Hey guys, as requested by my father I'm soon going to have to build his website for selling T-Shirts. Now, I don't really know where to start here but first off is it worth using a pre-written script such as OsCommerce or ZenCart to begin with or, write it from scratch. My PHP skills are very limited but editting scripts through the use of tutorials I'm ok with.

So, which of these scripts is the easiest and best to work with, as obviously a good template/layout will be needed to attract the customer and make it look pleasing to the eye. 
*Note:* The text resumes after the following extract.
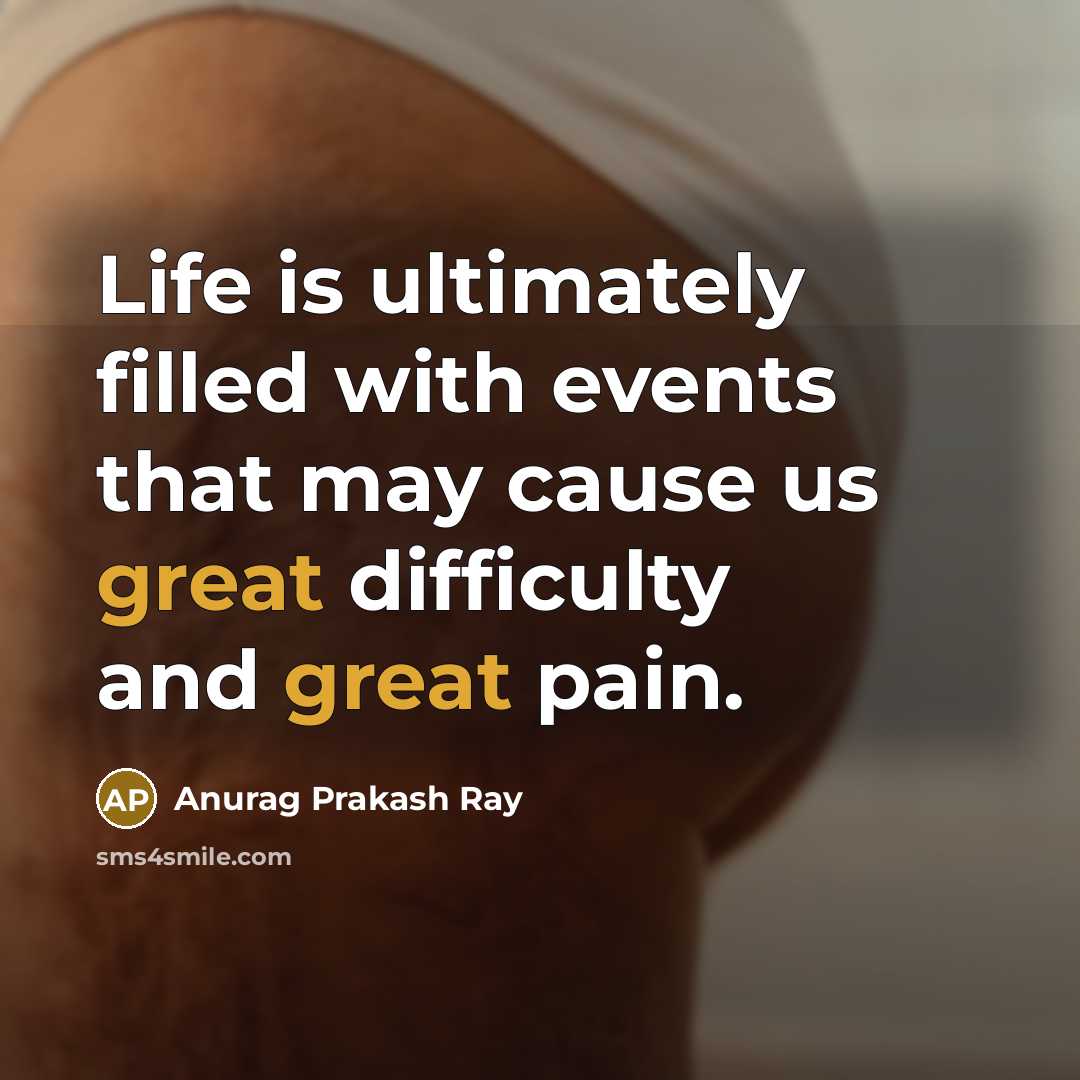 “Life is ultimately filled with events that may cause us…” quote by Anurag Prakash Ray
Next - Administration, as my father is not very computer literate he will require an administration panel that is easy to work with also, for example adding products, uploading photographs, editting prices etc.

Thanks in advance,

Dharok.


----------



## kriscad (Dec 18, 2006)

i suggest:

front end Word Press
cart: Big Cartel » Bringing the Art to the Cart


----------



## funkymunky (Dec 8, 2007)

kriscad said:


> i suggest:
> 
> front end Word Press
> cart: Big Cartel » Bringing the Art to the Cart


I've looked at what Big Cartel have to offer and personally I am not at all impressed. My main gripe is that you can only offer 5 products for free, after this quantity you have to pay ! For this reason would it not be better to go for OScommerce ?

Phil


----------



## Salonteez (Nov 27, 2007)

I've used zen cart in the past...and it's a bit tricky with a big learning curve...I wouldn't say I mastered it but I could work it after a lot of frustrating hours of stumbling through.
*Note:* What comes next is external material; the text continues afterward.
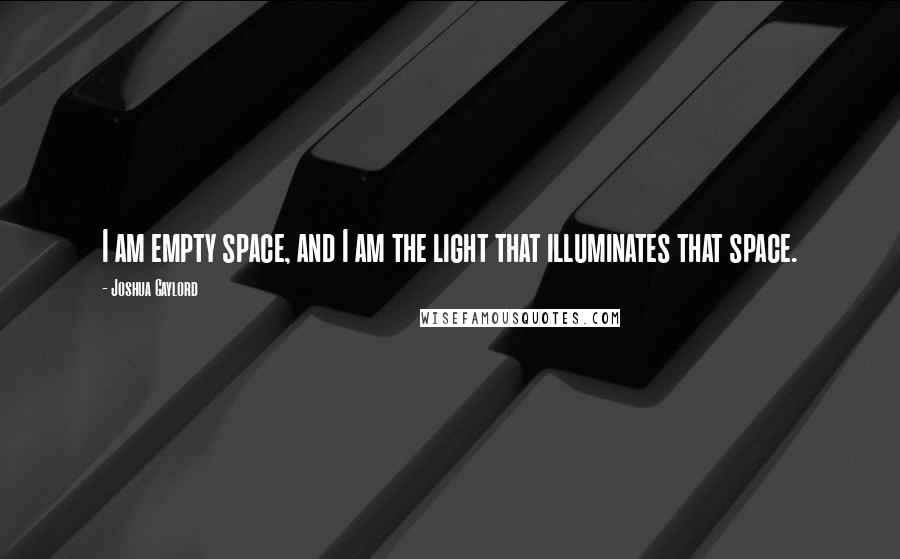 Joshua Gaylord Quotes: I am empty space, and I am the light that illuminates that space.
I recently redeveloped my site using rapidweaver, very easy to use and currently use the payloom cart that is supported by rapidweaver. Both programs are for a mac which is what I use now and it's the easiest thing on the planet to design and work with. 

Rapidweaver costs 49.99 while the payloom cart is 19.99 so for $70 bucks you have a program that is way easy to use and no limits on the amount of products you can input. Payloom is designed to use with paypal, you can accept credit cards as well but at this moment payloom doesn't support the paypal pro subscription which is what I have with paypal.

I'm hosting on bluehost which is very mac compatiable.

If using a windows operating system...I would go with the oscommerce.


----------



## SeasonEnds (Sep 9, 2007)

If you want to try it yourself go to SitePoint : New Articles, Fresh Thinking for Web Developers and Designers and check out database driven websites using php and mysql. There is an e-commerce section in the back that is pretty decent.


----------



## funkymunky (Dec 8, 2007)

Hold on ! Having researched Big Cartel further I can report that I am actually starting to like it

I have viewed a few of the websites which use them and must say they look nice, uncomplicated and easy to navigate. What also is appealling to me is that it looks easy to manage for a store owner.

So I take back what I posted earlier, I must remember you get nothing for nothing

Phil


----------